Cold production footprints of heavy oil on time-lapse seismology: Lloydminster field, Alberta
Qiaozhi (Sandy) Chen, Laurence R. Lines, Joan Embleton, P. F. Daley, Larry Mayo
The simultaneous extraction of oil and sand during the cold production of heavy oil generates high permeability channels termed as "wormholes". The development of wormholes causes reservoir pressure decrease below the bubble point, resulting in dissolved gas out of solution to form foamy oil. The foamy oil could fill depressurized drainage regions (production footprints) around the borehole, leading to fluid phase changes.

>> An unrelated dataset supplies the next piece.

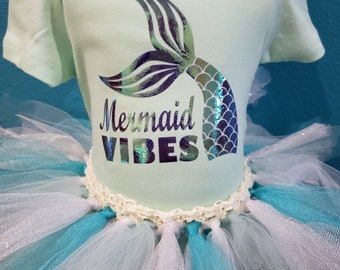 Peut inclure: Un body bébé vert clair avec une queue de sirène holographique et le texte "Mermaid Vibes". Le body est associé à un tutu en tulle blanc et turquoise.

In this paper, the upper bound and lower bound models on the fluid mixture bulk moduli have been used to detect the sensitivity of seismic P-wave velocity. Then the Gassmann Equation has been employed to calculate the bulk modulus variations of the drainage rocks, where the velocity and density decrease dramatically due to some exolved gas. A 2D cold production model has been built to examine the seismic responses of drainage regions based on well logs in the Lloydminster cold production pool. The seismic modelling responses indicate amplitude anomalies and traveltime delays in these regions upon comparison of pre and post production results. However, because most heavy oil cold production reservoirs are very thin, with less than 10 m of net pay, seismic resolution is a challenge. Different seismic frequency bandwidths have also been tested to look at how vertical seismic resolution determines the detection of the drainage regions.